İtalya’da güneşi yakalarsanız ne ala, hemen ısıtın iliklerinizi...
İtalya’nın kuzeyinde Fransa sınırına yakın Ventimiglia’da, sahil balıkçı lokantası San Giuseppe’de gönül rahatlığı ile bir deniz mahsülleri makarna yiyebilirsiniz. İtalya’ya geçmiş iken sizi sadece 10-15 km. kuzeye doğru belki civarın en eski yerleşimi olan 'Dolceaqua'ya davet edeyim.
Eski Roma köprüsünü geçiniz ve kaleye doğru dehlizlerden geçerek yürüyünüz. Tarihi bir film setindesiniz. Sadece bu vadiye ait 'Rossese' üzümlerinden elde edilen Rossese şarabından ufak bir kadeh yuvarlarsanız daha rahat tırmanacaksınız taş döşemeli dar yollardan.

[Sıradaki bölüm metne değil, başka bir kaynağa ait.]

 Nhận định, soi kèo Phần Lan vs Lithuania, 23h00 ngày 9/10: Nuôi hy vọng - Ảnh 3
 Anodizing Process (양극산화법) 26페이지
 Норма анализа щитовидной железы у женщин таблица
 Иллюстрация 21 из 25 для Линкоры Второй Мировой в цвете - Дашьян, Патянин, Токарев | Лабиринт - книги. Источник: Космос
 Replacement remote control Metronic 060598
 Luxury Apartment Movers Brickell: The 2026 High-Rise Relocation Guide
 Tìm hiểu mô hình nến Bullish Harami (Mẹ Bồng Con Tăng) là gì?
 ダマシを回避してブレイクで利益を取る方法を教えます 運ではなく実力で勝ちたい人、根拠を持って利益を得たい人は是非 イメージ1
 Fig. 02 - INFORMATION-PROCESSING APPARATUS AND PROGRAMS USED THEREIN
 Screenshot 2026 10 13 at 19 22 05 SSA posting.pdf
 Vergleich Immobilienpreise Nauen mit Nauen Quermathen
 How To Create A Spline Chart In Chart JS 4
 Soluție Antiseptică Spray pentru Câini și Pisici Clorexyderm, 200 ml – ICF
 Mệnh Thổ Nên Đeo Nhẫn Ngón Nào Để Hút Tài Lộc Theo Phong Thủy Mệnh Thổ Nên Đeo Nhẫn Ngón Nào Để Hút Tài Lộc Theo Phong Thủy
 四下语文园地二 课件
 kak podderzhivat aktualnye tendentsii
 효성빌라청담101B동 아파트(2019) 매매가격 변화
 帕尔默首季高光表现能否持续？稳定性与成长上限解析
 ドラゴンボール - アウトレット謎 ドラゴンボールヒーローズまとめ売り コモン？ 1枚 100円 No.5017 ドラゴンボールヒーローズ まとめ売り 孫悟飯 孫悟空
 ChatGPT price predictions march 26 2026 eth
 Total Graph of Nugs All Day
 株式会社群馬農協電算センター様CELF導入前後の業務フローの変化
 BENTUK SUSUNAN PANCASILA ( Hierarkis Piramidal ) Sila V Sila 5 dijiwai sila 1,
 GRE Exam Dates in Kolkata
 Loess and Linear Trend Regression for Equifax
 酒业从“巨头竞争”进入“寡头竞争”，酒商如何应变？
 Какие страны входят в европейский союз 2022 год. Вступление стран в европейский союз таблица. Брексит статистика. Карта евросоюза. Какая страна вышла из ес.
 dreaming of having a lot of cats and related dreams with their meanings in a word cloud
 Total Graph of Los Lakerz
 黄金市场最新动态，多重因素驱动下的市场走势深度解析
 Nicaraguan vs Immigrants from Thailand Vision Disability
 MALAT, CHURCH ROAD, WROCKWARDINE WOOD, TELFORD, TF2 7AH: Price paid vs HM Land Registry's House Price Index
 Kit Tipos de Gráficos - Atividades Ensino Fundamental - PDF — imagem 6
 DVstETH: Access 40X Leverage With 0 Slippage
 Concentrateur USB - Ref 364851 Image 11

Buradan artık geri Nis’e geri dönüşe geçebiliriz. Akşam karanlığında Monako’daki beton ormanını daha az göreceğiniz için Meşhur Café de Paris’e bir akşam kahvesine uğrayabilirsiniz. Milyon dolarlık parlak otomobillerden sakınarak Café’ye doğru yürümeye çalışalım.
Café de Paris'te yemek de yiyebilirsiniz ama bence iştahınızı saklayın. Bir kup şampanya ile minik bir pasta alınız ve Fransa'ya doğru yola çıkınız.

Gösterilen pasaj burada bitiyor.